Press briefing moderator and codirector of the San Antonio Breast Cancer Symposium, Dr. Carlos Arteaga, professor of medicine at Vanderbilt University, Nashville, Tenn,, and director of the Breast Cancer Program, asked, “Do you think this is ready to be addressed in the clinic? If you think so, can you speculate how we can do that?”
“I think it’s nearing readiness,” Dr. Harris replied. “We need more clinical studies. So far we’ve been focused on retrospective studies. … Some prospective studies need to be done. Obviously this needs to expand to include other treatments, and we also have to get a better handle on which subtypes are most affected by this mutagenic process.”
Previous research his team did in collaboration with their coinvestigators in the Netherlands showed that women with estrogen receptor–positive primary tumors treated only with resection had poorer progression-free and overall survival if their primaries had up-regulation of the A3B enzyme (Horm Cancer. 2014;5:405-13).
“This suggests that this is a prognostic marker for outcome, but we wanted to go further and ask if this process is contributing to or correlating with poor outcomes such as recurrence and resistance to tamoxifen therapy,” Dr. Harris commented.
In the new retrospective study, this time among women who experienced a recurrence of estrogen receptor–positive breast cancer and were then given first-line tamoxifen, the median progression-free survival was just 7.5 months for those with high A3B expression in the primary tumor, compared with 13.3 months for those with low expression (hazard ratio, 1.67; P = .0001).
“These are correlative studies that really suggest what many of the cellular experiments and genetic experiments in my lab and others have indicated, that this would be an adverse effector in estrogen receptor–positive breast cancer, but we wanted to test this hypothesis with a cause-and-effect experiment,” he said.
In xenograft experiments, they engineered estrogen receptor–positive MCF7L breast cancer cells to have either high or low expression of A3B and grew the cells into small tumors. They then grafted the tumors into female nude mice.
In a first set of experiments, knocking down expression of A3B slowed the development of tamoxifen resistance, and in fact, few tumors had become resistant to the drug even after a year, Dr. Harris reported. In a second set, overexpressing the enzyme in tumor cells by about 100-fold led to almost immediate tamoxifen resistance.
“So we can slow it down, and we can speed it up, and all of this is consistent with the clinical data indicating that those primary breast tumors that have high levels of this enzyme result in poorer outcomes than those tumors that have low levels,” he concluded.
As mutations induced by A3B might also affect the response to other treatments, ongoing research is now looking at its impact on the development of chemotherapy resistance, noted Dr. Harris.
AT SABCS 2015
Key clinical point: A high level of APOBEC3B expression in estrogen receptor–positive breast cancer is a marker for tamoxifen resistance.

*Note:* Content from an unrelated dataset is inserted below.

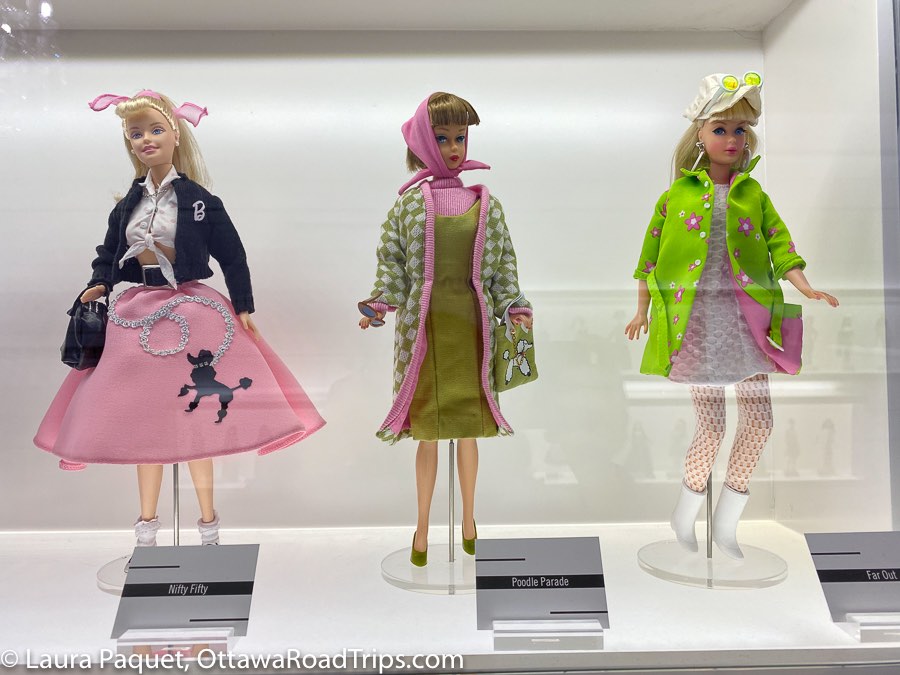 three dolls, one with a pink poodle skirt, one in a green dress with a 1950s-style head scarf and one in a white mini dress with green coat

Major finding: Median progression-free survival on first-line tamoxifen was 7.5 vs. 13.3 months for those with high vs. low APOBEC3B expression in their primary.
Data source: A retrospective cohort study of 285 women with recurrent estrogen receptor–positive breast cancer, and companion preclinical experiments in a xenograft breast cancer model.
Disclosures: Dr. Harris disclosed that he is a cofounder of ApoGen Biotechnologies and that he receives research support from Biogen.